Battling America’s Biggest Addiction

It seems harmless. After all, it’s naturally found in fruits, vegetables and just about everything else. But it's being called the most common addiction in our society today. What is it? Sugar.

The findings have proved that we don’t simply eat sugary foods because they tastes good; we’re addicted. The average American consumes 32 teaspoons a day!

Just like other addictive substances, when we eat it, our brain's “feel good” chemicals (including serotonin and dopamine) come into play. The more you eat, the more you need to eat in order to get the same high.

In addition to furthering many health problems, sugar is one of the biggest contributors to obesity. While it’s important to moderate all sugar intake, it’s the added sugar we find particularly troublesome—and addictive. Take a look at the sugar added to these foods:

Soft Drinks: 20 oz. bottle65g of sugar Candy: Snickers bar30g; bag of Skittles 47g Desserts: package of Twinkies 37g; one cup of ice cream42g “Breakfast” Foods: package of pop tarts 34g; cinnamon roll55g!

3 Reasons Not to Get Hooked

While you don’t have to cut it out of your diet completely (it would be hard to), it’s important to take a closer look at your daily intake. Here’s why sugar is often problematic:

-Reason #1 – When we eat sugar, we eat too much

Since we don’t feel full after eating foods filled with refined sugar, we just keep eating and eating, seeking that “reward.” Besides, we rarely realize just how much we consume, causing us to surpass the daily recommendation by a long shot.
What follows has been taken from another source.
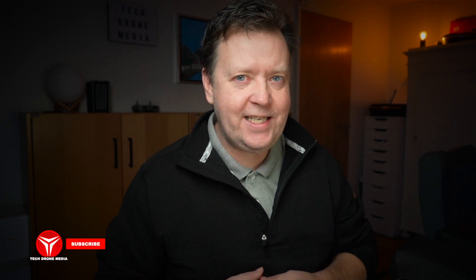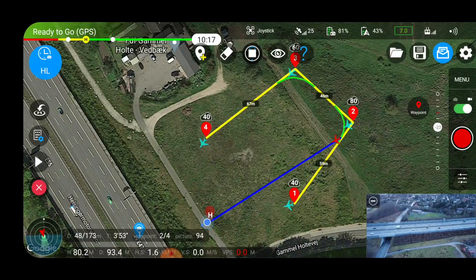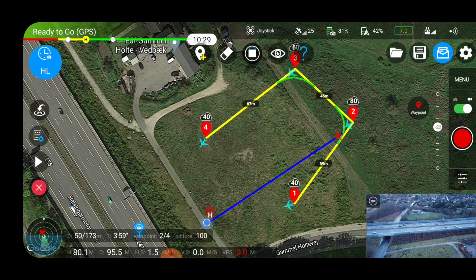Gaining access to the SDK will now allow you to take advantage of all the great features that you have been seeing, that I have been showing here on the channel, where you can add waypoints and follow-me mode and all sorts of cool stuff to your Mini 2.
Don’t be fooled by these foods either: fruit juice, sweetened iced tea and flavored water contain plenty of the pretty white crystals. For example, a 16-oz bottle of Minute Maid orange juice can pack 48g.

-Reason #2 – When we eat sugar, we aren’t eating healthy foods

Many of us reach for a sugary snack before a healthy one. It’s prepackaged and sounds tasty, but it’s taking us away from nutritious foods. If you have a hankering for something sugary, try eating a healthy snack first so you won’t attempt to (fruitlessly) fill up on sugary snacks.

-Reason #3 – We trade sugar for equally unhealthy alternatives

In the end, artificial sweeteners are not much better for you than straight-up refined sugar. NutraSweet and Equal (Aspartame), Sweet n’ Low (Saccharin) and Splenda (Sucralose) come with their own slew of side effects. And people often use these as an excuse to consume double their favorite foodswhich still contain other unhealthy ingredients!

What Rewards?

There’s nothing wrong with a little treat now and then, but it’s important to have a clear picture of how much you consume. Otherwise you may run away with your brain’s attempts to “reward” itself, seeking out one short-lived high after another. Without thinking about it, you might have office donuts in the morning, a daily soda with lunch, and dessert after dinner (were you really even still hungry?). That's a lot of sugar!

Sugar, especially refined white sugar (and don't' forget those pesky carbs!), are the enemy of your weight loss goals. But knowing its addictive properties, you also know that you probably don't want to cut it out of your diet cold-turkey. If you do, you’ll likely experience headaches, mood swings or flu-like symptoms. You also put yourself at a greater risk for relapse.

To avoid cravings, withdrawal and caving in, reduce your intake gradually. Start having small portions less often. Focus on the treat or two that you really want to have this week, and resist everything else. The Mastering the Mind self-hypnosis series is a powerful way to get your mind to work with you to battle cravings.

Another effective way to combat your cravings is to eliminate the availability of sugary foods. Don’t stockpile candy bars in the cabinet or buy a gallon tub of ice cream. Even if it would save you money to buy in bulk, it’s not worth it.

Take control of your sugar intake today. These small acts of change will make a big difference!